Fortunately, flirting gets less mysterious/stress-inducing as we get older, but just because you're married doesn't mean you should stop altogether. In fact, you should still be flirting with your husband.

"It's fun and keeps the energy up in your relationship," says Tina B. Tessina, PhD, a.k.a. "Dr. Romance," a psychotherapist and author of Love Styles: How to Celebrate Your Differences. "It lets your partner know you're interested and that you still care."

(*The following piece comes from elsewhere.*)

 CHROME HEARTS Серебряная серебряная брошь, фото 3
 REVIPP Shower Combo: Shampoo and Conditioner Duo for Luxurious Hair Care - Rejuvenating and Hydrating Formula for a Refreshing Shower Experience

More from The Stir: Cheeky List of Flirting Rules From 1920s Still Rings True Today

So, how to do that? Fortunately, no need to fall into a shelf of expensive china, like so many bumblingly sweet rom-com heroines.

If he moves closer to you on the couch or touches your arm, "don't flinch, move away, or start talking about bills or something unrelated," advises Tessina. "Relax, focus on him, and maybe touch back."

To get his attention by flirting, Tessina advises approaching your man from behind, putting your arms around him, then backing away.

"The backing away is what makes it flirting," she explains. "It's an invitation for him to come after you."

Other ways to get your flirt on:

Look into his eyes and smile. "He'll automatically feel more understood and cared about," Tessina says.

Ramp up the sweetness. "Thoughtfulness, thank yous, and gestures of politeness and affection are the WD-40 of your marriage."

Refresh his memory. "It creates so much good feeling to remember how you were when you were dating..." says Tessina. "Reminding yourself of your solid history together is a way to increase your bond."

If only our 15-year-old selves had these unbeatable tips!

How do you and your husband flirt with each other?